====== SOURCE DATA ======

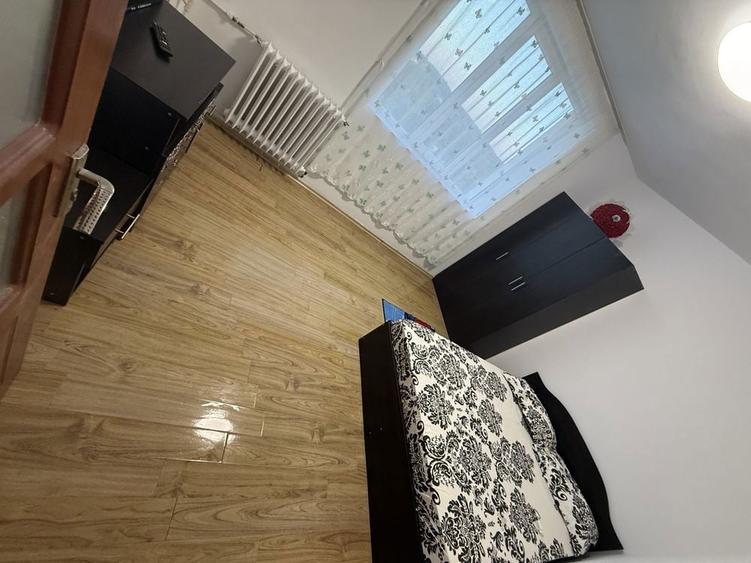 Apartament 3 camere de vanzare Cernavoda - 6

======
====== SOURCE DATA ======

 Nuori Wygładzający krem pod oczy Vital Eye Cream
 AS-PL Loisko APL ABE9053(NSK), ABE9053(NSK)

======
====== SOURCE DATA ======

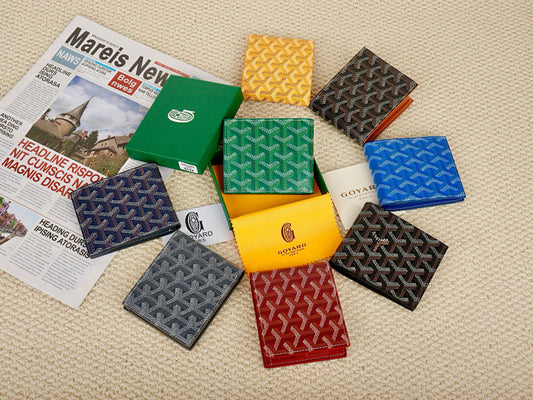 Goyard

======

[PROBLEM] Among the entries above, locate the lines containing "Nuori Wygładzający krem" and "AS-PL Loisko APL ABE9053(NSK), ABE9053(NSK)", and transcribe exactly those two lines and all lines between.

[ANSWER BELOW]
 Nuori Wygładzający krem pod oczy Vital Eye Cream
 AS-PL Loisko APL ABE9053(NSK), ABE9053(NSK)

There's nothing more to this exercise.